* _Work to complete_
Copy out exactly the lines from the first line of the material below through the line containing "Sla de datum", and nothing beyond them.

* _Extracted material_
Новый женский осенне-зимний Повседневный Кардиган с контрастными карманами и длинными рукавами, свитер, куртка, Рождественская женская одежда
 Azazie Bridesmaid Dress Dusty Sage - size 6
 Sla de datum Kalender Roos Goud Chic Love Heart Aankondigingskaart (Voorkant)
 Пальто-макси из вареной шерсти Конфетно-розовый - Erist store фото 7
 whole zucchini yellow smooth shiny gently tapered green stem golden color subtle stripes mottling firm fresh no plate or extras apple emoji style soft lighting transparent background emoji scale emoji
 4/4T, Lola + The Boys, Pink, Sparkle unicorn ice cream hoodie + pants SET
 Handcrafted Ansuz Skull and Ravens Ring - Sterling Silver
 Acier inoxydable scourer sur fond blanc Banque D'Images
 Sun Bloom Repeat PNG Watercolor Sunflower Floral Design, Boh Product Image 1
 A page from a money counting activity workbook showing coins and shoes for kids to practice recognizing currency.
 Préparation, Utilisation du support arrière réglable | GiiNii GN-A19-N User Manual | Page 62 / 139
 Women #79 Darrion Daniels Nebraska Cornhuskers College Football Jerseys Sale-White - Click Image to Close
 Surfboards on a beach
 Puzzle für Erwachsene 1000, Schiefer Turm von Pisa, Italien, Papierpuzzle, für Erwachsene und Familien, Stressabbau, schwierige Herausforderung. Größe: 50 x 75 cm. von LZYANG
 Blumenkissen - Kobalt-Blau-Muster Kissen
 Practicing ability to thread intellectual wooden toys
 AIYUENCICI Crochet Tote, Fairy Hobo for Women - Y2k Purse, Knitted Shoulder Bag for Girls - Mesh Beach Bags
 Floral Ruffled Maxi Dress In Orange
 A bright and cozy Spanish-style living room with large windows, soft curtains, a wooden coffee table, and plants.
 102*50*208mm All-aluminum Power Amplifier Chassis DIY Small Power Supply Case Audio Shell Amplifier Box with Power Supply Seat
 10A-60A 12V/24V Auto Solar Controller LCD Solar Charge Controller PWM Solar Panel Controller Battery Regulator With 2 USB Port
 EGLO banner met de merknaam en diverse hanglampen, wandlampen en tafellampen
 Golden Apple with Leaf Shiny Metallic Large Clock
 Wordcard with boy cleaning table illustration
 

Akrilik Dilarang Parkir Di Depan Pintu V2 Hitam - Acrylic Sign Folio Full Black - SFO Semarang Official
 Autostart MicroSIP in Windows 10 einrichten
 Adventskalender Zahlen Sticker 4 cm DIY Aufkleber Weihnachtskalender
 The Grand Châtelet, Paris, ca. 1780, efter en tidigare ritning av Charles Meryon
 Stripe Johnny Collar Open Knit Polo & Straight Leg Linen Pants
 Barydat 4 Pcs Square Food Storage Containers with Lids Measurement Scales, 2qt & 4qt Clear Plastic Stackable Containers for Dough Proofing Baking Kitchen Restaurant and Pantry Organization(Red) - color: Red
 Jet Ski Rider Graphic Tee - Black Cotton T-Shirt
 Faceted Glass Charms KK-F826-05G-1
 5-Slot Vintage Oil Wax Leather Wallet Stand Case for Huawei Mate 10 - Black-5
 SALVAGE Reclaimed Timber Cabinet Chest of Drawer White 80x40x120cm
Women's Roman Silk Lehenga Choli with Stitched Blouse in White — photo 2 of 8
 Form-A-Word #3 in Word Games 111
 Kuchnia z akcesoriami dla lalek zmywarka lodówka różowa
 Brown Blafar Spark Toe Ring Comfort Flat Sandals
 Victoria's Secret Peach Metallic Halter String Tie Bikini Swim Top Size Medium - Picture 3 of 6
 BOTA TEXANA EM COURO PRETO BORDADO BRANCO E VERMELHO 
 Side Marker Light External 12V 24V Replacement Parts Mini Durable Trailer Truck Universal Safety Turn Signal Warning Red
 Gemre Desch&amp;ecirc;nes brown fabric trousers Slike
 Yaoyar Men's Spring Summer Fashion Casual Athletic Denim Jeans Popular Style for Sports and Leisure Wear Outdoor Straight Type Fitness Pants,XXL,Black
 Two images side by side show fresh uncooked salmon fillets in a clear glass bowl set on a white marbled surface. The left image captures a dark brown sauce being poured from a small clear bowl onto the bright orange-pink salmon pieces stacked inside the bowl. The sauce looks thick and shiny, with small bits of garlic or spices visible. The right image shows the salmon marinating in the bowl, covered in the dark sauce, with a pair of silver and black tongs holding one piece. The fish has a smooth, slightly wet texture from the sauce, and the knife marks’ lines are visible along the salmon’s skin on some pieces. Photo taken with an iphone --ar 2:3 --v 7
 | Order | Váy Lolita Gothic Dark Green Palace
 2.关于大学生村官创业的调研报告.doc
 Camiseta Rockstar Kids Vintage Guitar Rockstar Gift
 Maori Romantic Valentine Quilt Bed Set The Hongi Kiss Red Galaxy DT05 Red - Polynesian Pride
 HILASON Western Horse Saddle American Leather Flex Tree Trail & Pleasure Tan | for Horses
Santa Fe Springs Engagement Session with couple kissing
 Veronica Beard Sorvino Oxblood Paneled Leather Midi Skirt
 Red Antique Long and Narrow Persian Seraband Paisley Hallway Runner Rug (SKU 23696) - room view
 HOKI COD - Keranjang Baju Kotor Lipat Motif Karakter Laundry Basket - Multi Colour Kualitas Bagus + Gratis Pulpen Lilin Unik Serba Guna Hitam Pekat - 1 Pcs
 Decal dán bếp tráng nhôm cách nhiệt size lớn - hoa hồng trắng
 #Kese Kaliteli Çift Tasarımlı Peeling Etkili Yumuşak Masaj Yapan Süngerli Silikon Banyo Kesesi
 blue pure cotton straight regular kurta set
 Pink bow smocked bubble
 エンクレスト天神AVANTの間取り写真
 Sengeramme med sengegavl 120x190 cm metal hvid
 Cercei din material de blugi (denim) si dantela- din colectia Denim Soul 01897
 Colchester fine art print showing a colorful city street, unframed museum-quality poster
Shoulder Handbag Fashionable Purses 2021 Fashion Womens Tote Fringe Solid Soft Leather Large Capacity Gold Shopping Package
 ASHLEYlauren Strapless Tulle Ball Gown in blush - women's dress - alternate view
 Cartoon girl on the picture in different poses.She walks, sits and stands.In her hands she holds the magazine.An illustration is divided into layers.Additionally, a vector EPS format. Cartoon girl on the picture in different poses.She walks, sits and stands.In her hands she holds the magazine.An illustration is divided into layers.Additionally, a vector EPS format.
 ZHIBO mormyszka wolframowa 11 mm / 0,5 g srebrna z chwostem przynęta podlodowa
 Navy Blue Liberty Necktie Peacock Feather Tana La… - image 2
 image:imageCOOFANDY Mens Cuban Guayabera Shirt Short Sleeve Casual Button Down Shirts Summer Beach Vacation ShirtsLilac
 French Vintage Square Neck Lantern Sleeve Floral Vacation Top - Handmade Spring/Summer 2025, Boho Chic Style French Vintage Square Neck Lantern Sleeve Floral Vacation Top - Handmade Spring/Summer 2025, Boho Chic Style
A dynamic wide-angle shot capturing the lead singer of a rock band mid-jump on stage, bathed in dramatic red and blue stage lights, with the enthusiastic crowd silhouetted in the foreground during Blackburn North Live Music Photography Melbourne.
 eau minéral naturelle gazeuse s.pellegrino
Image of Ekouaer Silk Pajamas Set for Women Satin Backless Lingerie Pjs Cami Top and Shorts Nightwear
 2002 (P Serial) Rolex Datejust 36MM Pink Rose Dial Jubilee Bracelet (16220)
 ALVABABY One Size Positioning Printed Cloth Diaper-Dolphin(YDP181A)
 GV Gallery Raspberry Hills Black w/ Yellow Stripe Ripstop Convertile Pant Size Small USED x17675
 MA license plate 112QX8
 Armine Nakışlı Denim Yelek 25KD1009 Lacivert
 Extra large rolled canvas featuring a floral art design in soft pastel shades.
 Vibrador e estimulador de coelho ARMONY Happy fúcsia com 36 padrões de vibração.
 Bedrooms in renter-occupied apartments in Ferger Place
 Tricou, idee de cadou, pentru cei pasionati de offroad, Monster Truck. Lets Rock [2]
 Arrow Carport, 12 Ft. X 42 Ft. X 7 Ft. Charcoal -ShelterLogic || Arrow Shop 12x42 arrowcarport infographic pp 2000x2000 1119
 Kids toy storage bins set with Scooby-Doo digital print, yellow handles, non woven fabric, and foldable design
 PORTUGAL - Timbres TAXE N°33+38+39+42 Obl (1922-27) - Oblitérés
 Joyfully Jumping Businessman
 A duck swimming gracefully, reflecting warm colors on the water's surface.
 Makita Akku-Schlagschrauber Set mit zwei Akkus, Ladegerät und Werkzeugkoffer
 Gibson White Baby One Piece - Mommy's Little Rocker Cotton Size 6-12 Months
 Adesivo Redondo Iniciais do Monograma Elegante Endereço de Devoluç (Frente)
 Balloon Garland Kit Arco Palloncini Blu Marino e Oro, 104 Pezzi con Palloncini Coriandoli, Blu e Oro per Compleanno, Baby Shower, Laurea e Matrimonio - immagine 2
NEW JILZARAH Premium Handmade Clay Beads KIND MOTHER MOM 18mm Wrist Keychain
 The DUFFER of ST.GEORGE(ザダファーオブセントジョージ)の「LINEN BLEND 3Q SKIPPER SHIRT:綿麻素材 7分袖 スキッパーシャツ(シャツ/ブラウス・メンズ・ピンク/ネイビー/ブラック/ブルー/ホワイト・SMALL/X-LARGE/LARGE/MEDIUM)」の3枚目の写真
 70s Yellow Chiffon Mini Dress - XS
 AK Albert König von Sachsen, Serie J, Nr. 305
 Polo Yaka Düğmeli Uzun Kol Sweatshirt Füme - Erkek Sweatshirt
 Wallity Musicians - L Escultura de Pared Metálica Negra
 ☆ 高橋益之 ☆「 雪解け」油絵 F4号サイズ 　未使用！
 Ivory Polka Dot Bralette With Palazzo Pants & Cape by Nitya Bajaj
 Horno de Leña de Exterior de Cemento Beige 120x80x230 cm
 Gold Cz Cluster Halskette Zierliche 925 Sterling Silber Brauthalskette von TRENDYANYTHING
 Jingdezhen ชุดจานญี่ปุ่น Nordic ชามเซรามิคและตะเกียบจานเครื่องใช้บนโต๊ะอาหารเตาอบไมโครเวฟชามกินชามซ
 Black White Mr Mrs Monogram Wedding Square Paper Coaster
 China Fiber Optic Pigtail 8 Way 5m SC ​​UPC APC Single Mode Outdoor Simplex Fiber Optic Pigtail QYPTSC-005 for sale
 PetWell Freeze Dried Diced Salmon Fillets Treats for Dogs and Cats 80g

* _Result of the exercise_
Новый женский осенне-зимний Повседневный Кардиган с контрастными карманами и длинными рукавами, свитер, куртка, Рождественская женская одежда
 Azazie Bridesmaid Dress Dusty Sage - size 6
 Sla de datum Kalender Roos Goud Chic Love Heart Aankondigingskaart (Voorkant)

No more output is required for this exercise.